Après avoir perdu la base aérienne d’Al-Wattia, la plus grande du genre, s’étendant de l’ouest de la capitale Tripoli jusqu’à la frontière tunisienne, le Maréchal Khalifa Haftar ne cesse d’accumuler les revers militaires.

Hier mercredi 3 juin 2020, les forces du gouvernement libyen reconnu par l’ONU ont annoncé avoir repris le contrôle de l’aéroport international de Tripoli, un nouveau rebondissement significatif dans ce conflit qui dure depuis plusieurs années.

«Nos forces ont entièrement libéré l’aéroport international de Tripoli», hors-service depuis 2014, a indiqué le porte-parole des forces loyales au Gouvernement d’union nationale (GNA), Mohamad Gnounou, dans un communiqué, cité par l’agence TAP.

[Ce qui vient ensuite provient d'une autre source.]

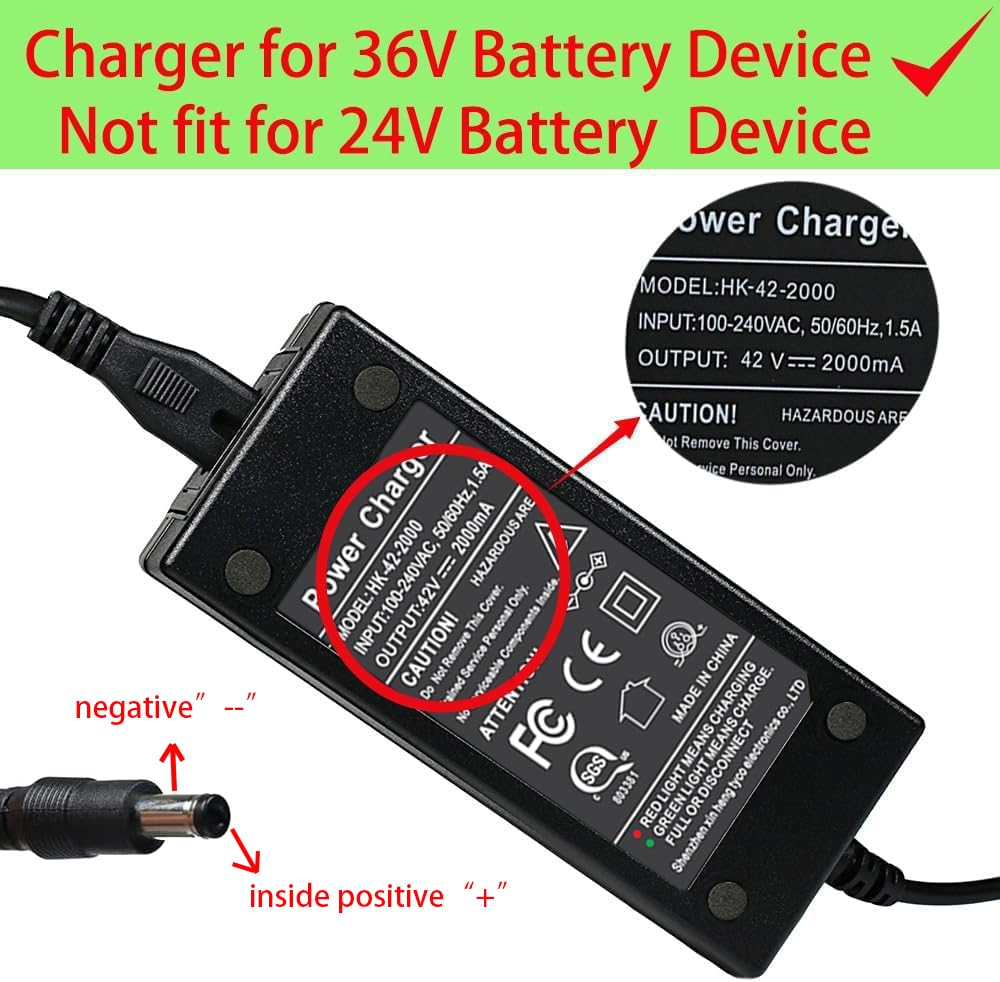 42V 2A DC Power Adapter for 36V Electric Bike Lithium Battery Charger K72822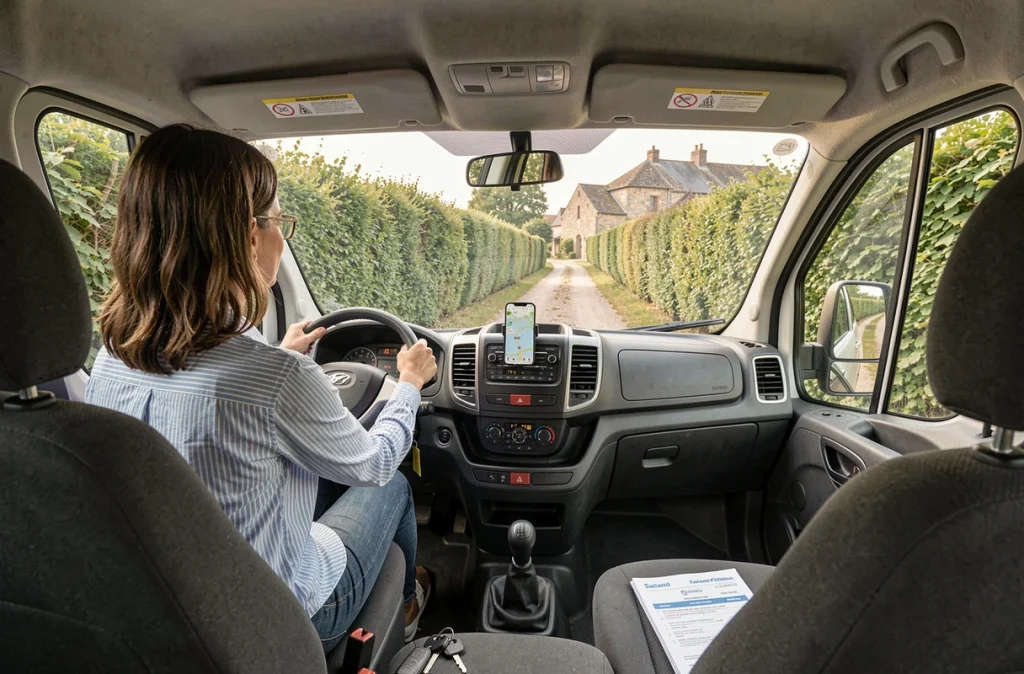 Vue depuis l'habitacle d'un utilitaire de location conduit par une femme sur un chemin de campagne en direction d'un village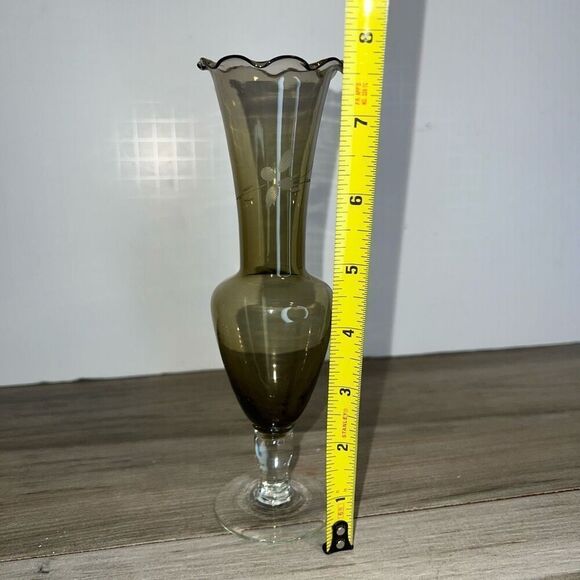 Gray Colored MCM Vintage Glass Bud Vase Clear Footed Stem 8" Tall Twist Stem - Picture 2 of 6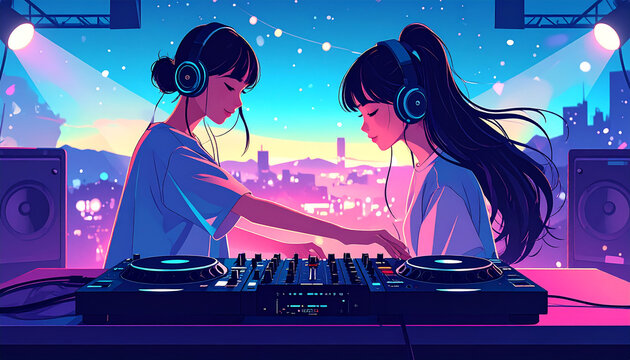 Two young women DJs mixing music at a nightclub event
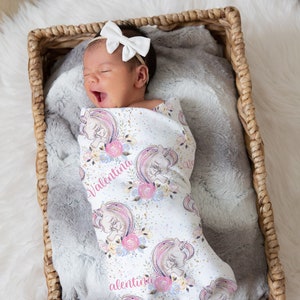 Unicorn Swaddle Blanket, Personalized Unicorn Baby Blanket, Newborn Swaddle, New Baby Gift, Unicorn Rainbow Swaddle, Girl Blanket G16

Cet aéroport était occupé par les forces pro-Haftar depuis les premières semaines de leur offensive contre Tripoli, en avril 2019.

En avril dernier, le maréchal libyen Khalifa Haftar, avait annoncé son retrait de l’accord politique qui a conduit à la formation du gouvernement libyen, proclamant que le pouvoir passait à l’armée. Khalifa Haftar, avait indiqué avoir obtenu le « mandat du peuple » pour gouverner la Libye et a promis de poursuivre son offensive contre Tripoli.

La Tunisie forcément impliquée

Le conflit libyen est actuellement à l’ordre du jour en Tunisie. Hier, mercredi 3 juin, le Parti Destourien Libre n’est pas parvenu à faire adopter une résolution refusant toute ingérence étrangère en Libye. Une motion qui intervient en réponse aux agissements du président de l’Arp, Rached Ghannouchi accusé par certaines parties de vouloir appliquer les agendes turcs et qataris en Tunisie et en Libye.

A l’aube du 30 mai dernier, les Etats-Unis ont annoncé avoir l’intention d’utiliser une brigade militaire installée en Tunisie en réponse à ce qu’ils appellent « les activités russes en Libye ». En effet, citée par l’agence Reuters, l’armée américaine annonce envisager l’utilisation de « l’une de ses brigades d’assistance aux forces de sécurité en Tunisie », « au milieu des inquiétudes suscitées par l’activité russe en Libye ».